> [Activity]:
Your task is to transcribe, word for word, the line containing "- Sputnik International" and all lines that follow it to the end of the entries. Leave out the pictures.
□ □ □ □ □ □ □
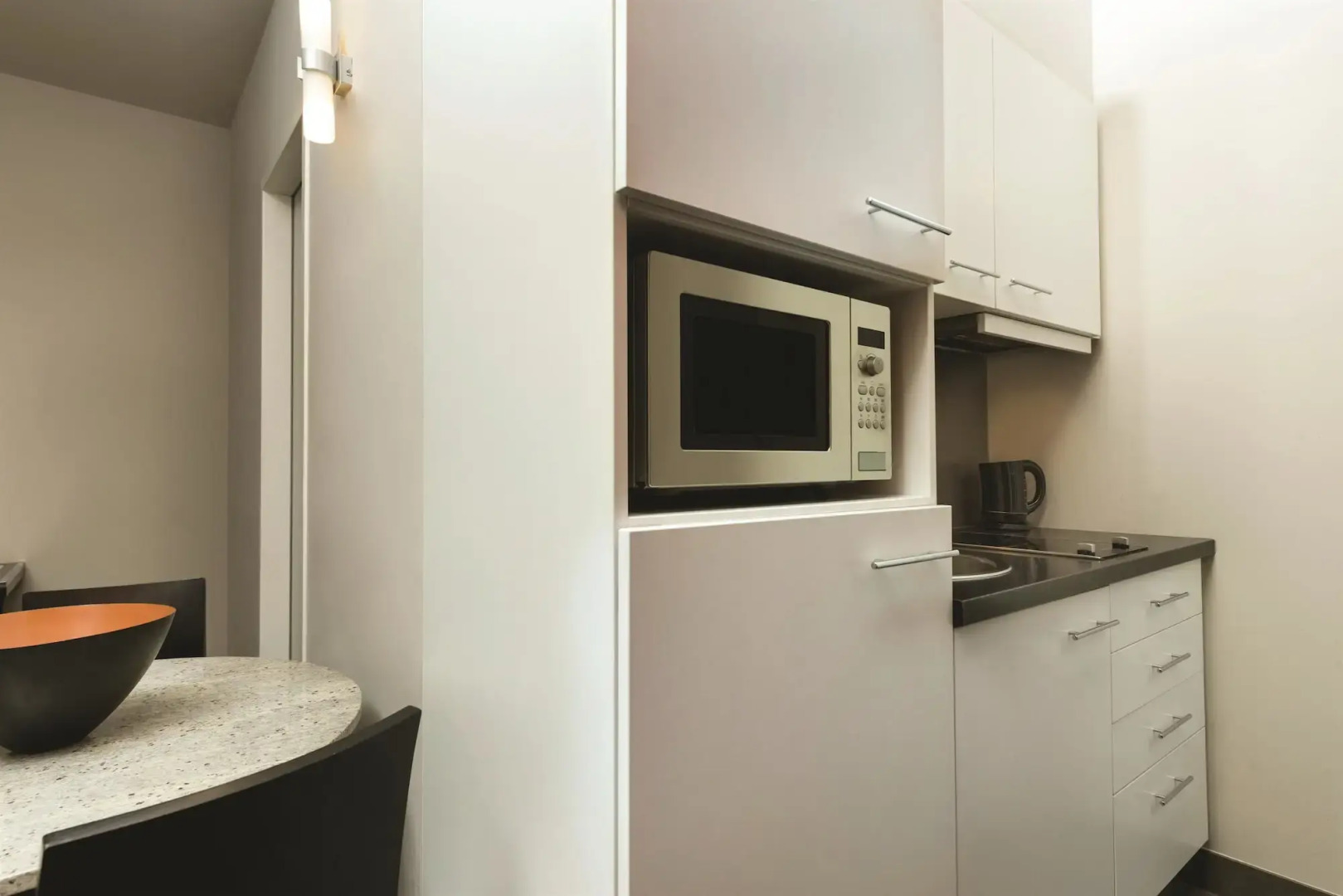 Foto - Adina Apartment Hotel Berlin Checkpoint Charlie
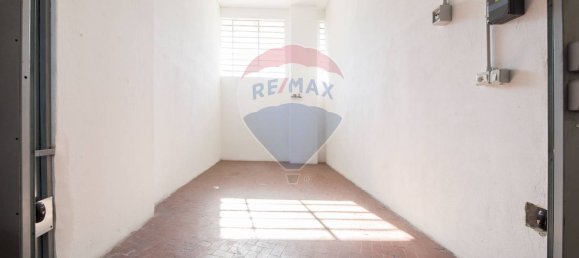 15m² Garage in Genoa, Italy No. 154903 21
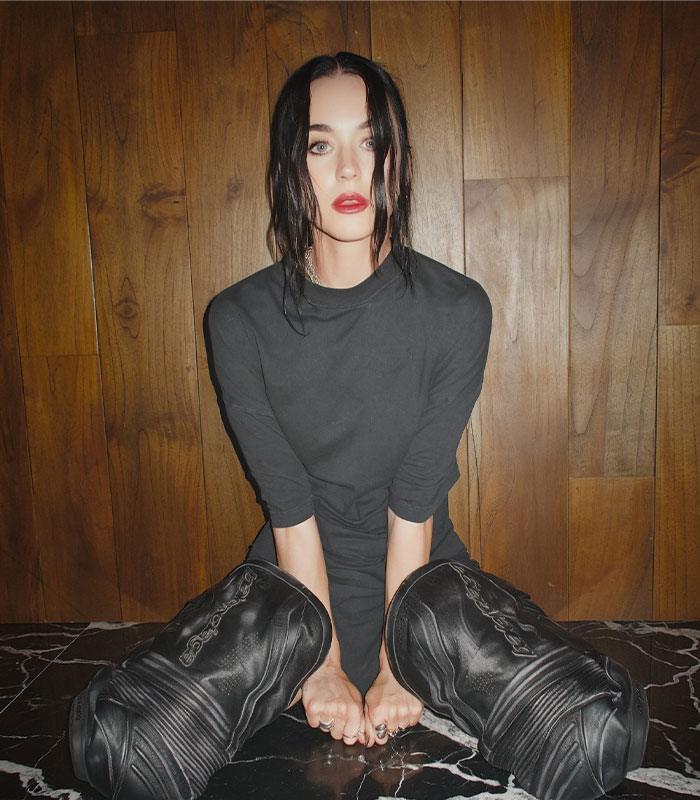 Antes de Ruby Rose, a modelo de 'Teenage Dream' de Katy Perry fez uma alegação bombástica de má conduta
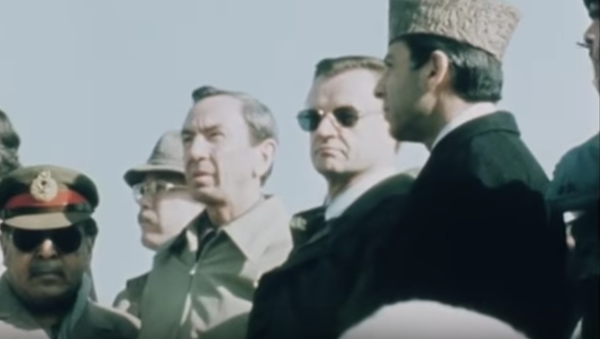 National Security Advisor Zbigniew Brzezinski's famous visit to Pakistan to speak with Afghan refugees and fighters against the pro-Soviet Afghan government. Screengrab from AP archives. National Security Advisor Zbigniew Brzezinski's famous visit to Pakistan to speak with Afghan refugees and fighters against the pro-Soviet Afghan government. Screengrab from AP archives. - Sputnik International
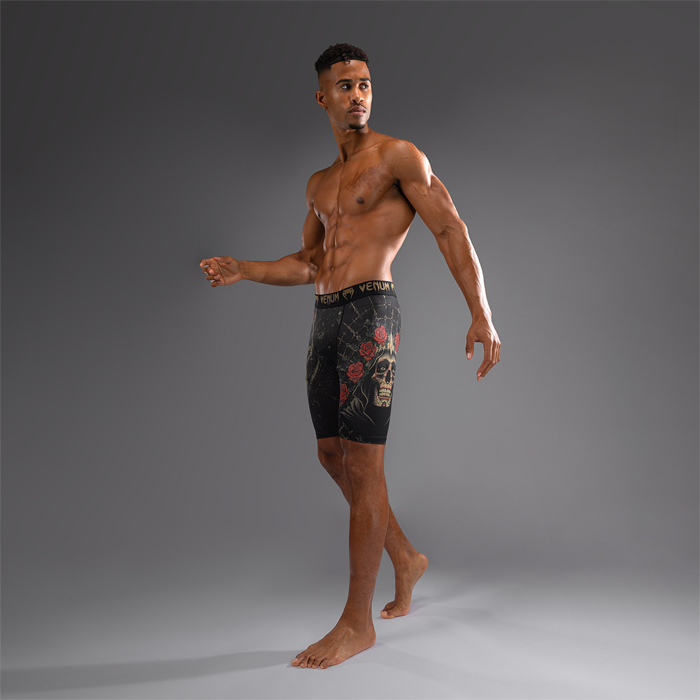 Santa Muerte 5.0 Vale Tudo Shorts Svart Guld
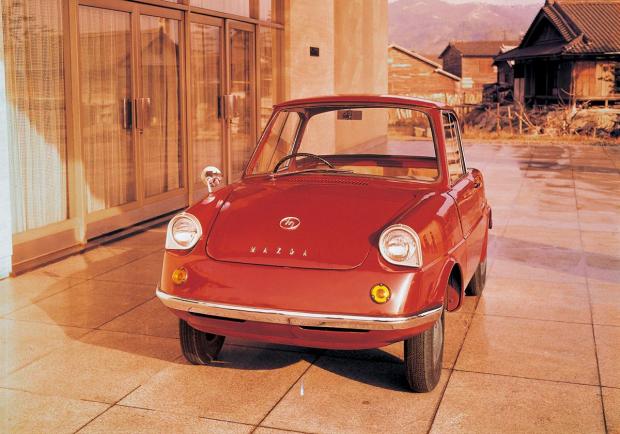 Mazda, 60 anni fa la microcar di successo R360 01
□ □ □ □ □ □ □
> [Answer to this problem]:
 National Security Advisor Zbigniew Brzezinski's famous visit to Pakistan to speak with Afghan refugees and fighters against the pro-Soviet Afghan government. Screengrab from AP archives. National Security Advisor Zbigniew Brzezinski's famous visit to Pakistan to speak with Afghan refugees and fighters against the pro-Soviet Afghan government. Screengrab from AP archives. - Sputnik International
 Santa Muerte 5.0 Vale Tudo Shorts Svart Guld
 Mazda, 60 anni fa la microcar di successo R360 01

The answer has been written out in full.